I work at a social service agency, and we primarily serve men.  Whenever I have to walk through our lobby, with rows of men waiting to receive services, I clench my jaw and ball up my fists.  I worry about being grabbed.  Instead, I usually get comments about my body or asked for my name followed by a “mmm” or a “damn”.  While we are currently working to improve what safety looks like in our organization, for the reasons I mentioned as well as several others, it wasn’t until this week that I came to the realization that I am constantly afraid.  I am afraid in my workplace.  I am afraid on public transit.  I am afraid walking to my apartment, even in the daytime.  I often create scenarios in my head so that I have a plan prepared if something bad were to happen.

All of this fear is exhausting.  Being in a spaces with only female-identifying individuals is like letting out a breath I’ve been holding in.  I don’t worry about my body.  I don’t worry that my smile will be misinterpreted.  I want to feel this way all the time.  I don’t want to hold all this fear in my body.  But until men can prove to me that they are not a threat, I continue to clench my teeth and ball up my fists.  We are learning every day about more reasons to fear men.  For the past few months, it seems like every morning there is a new name to add to the list of famous sexual harassers.  It’s hard to face a world of men when I hold my own sexual trauma and constantly hear about the trauma of others.

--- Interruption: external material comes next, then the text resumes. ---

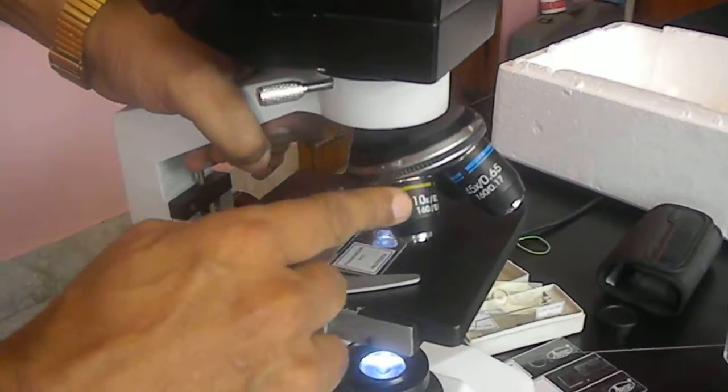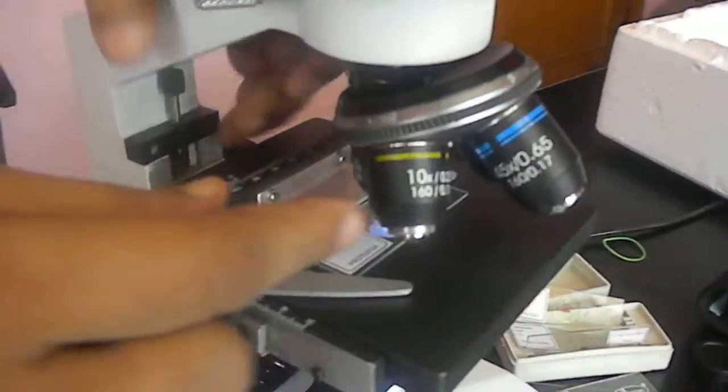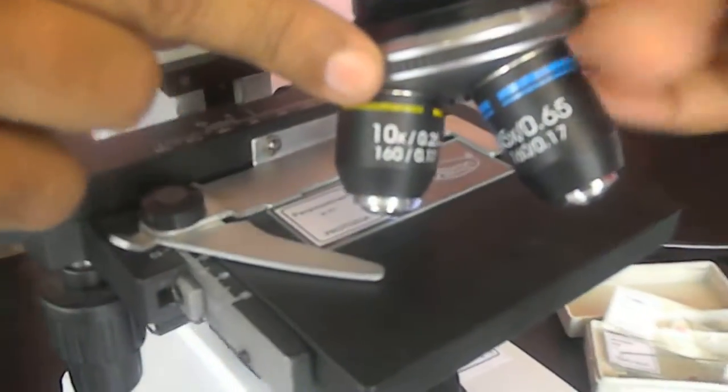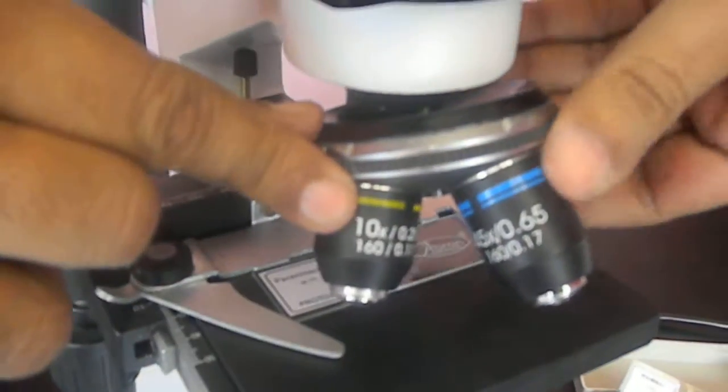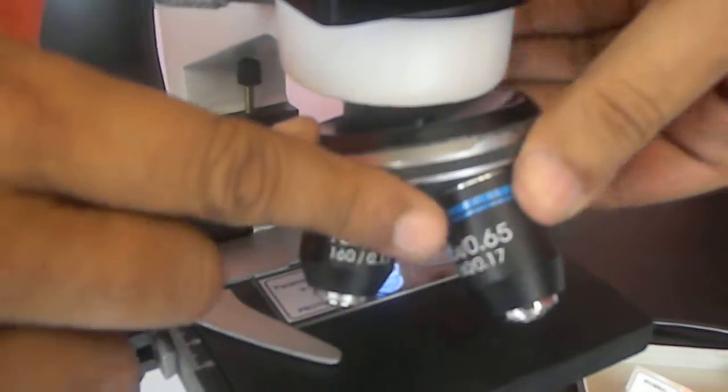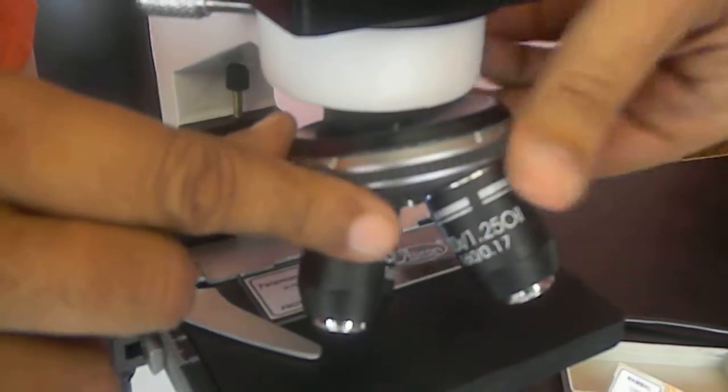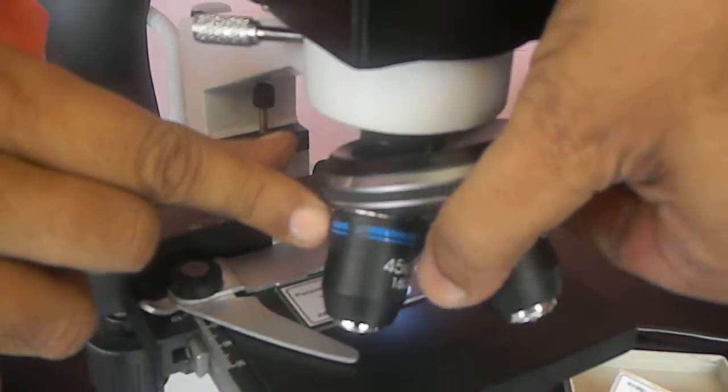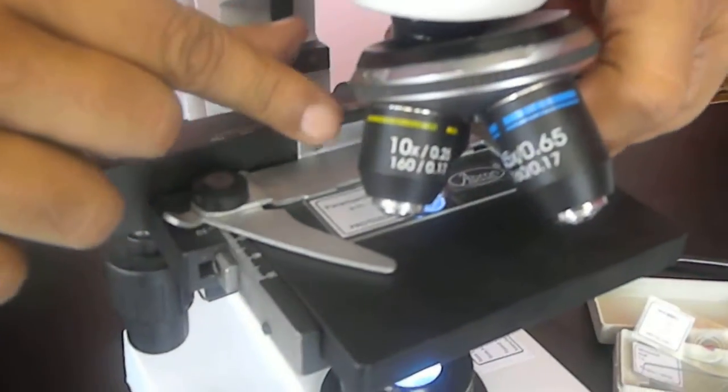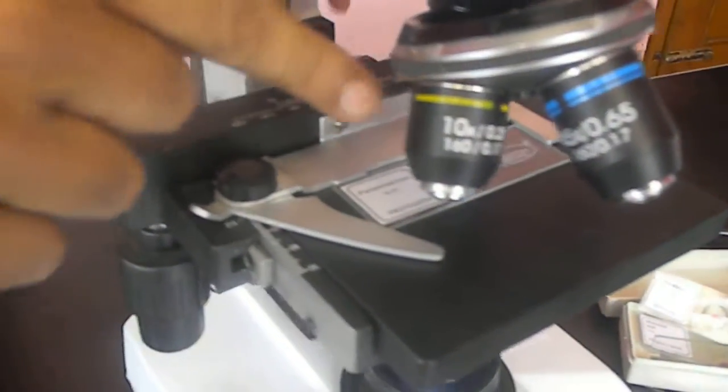Objectives are there. 10x, 45x, starts from 5x, 10x, 45x and 100x. Four objectives are there. We will start with the 5x objective.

But I don’t want to feel this way.  We don’t want to feel this way.  Women do not want to be afraid all the time.  So, men, prove us wrong.  Be kind.  Be vulnerable.  Show sensitivity.  Do not be defensive.  Open yourself to the possibility that you don’t know everything.  Listen to what we have to say.  Do not assume we owe you anything.  Do not say something to a woman you don’t know that you wouldn’t say to a man.  Stop catcalling.  Make sure your coworkers are being fairly compensated.  Be confident enough in your sense of self that you do not see a strong woman as a competitor to be squashed.  Be our partners, not our hunters.

Disclaimer: This piece deals with gender in a binary way.  I apologize to those who are trans, genderqueer, and nonbinary.  You have a place in this conversation too, but I cannot speak to your experiences of gender, so I have not included them here.  Please speak your own truths to better inform all of us.